I spend most of my days alone with my dogs and a mix of going to either an AA meeting, a walk with a friend/dogs or to coffee with someone. Of course I go to the store but some days like today I just stay home and work on the house. It is amazing how much dirt one can find when one looks for it. I also enjoy taking a drive along the coast with my husband or alone. Nights are spent reading mainly and blogging or writing in my journal.
And yet I wonder if there is more to life than this? I still wonder if I should work again but if I did it would be gardening or working at the library or something chill like that.
I am currently awaiting my hearing to get on permanent disability or rather should say I am waiting for them to schedule it which may take a year! I have till August of this year till my state disability benefits run out so that gives me time to figure out what I need to do. I am able to pay off my debt right now a little at a time and finally finished paying off the last hospital stay. I think that is what I will tell the people at the hearing that I can’t work because I will just end up in the hospital again if I work as history has repeated.
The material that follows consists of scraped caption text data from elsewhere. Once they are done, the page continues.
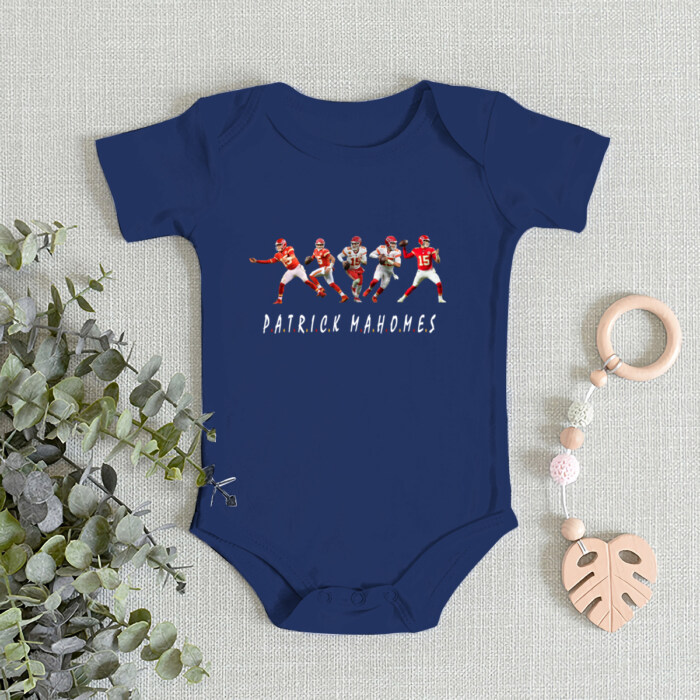 Mockup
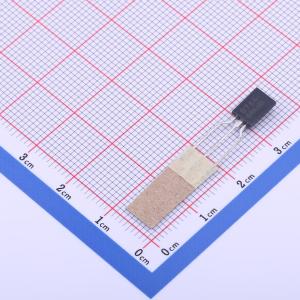 KTB764-GR-AT/P商品缩略图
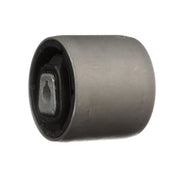 Delphi Wishbone / Control / Trailing Arm Bush TD1735W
I have been clean and sober for seventeen months which is how long it has been since my last hospital stay. I still use nicotine regularly via lozenges which really helps with the stress, ha what stress? Yes I am still stressed out even though I am not working just getting through each day but it is minimal compared to when I work. Sometimes I stress about a difficult day meeting various social engagements which are rare because I choose it that way for the most part. I have family over for dinner sometimes and enjoy that very much.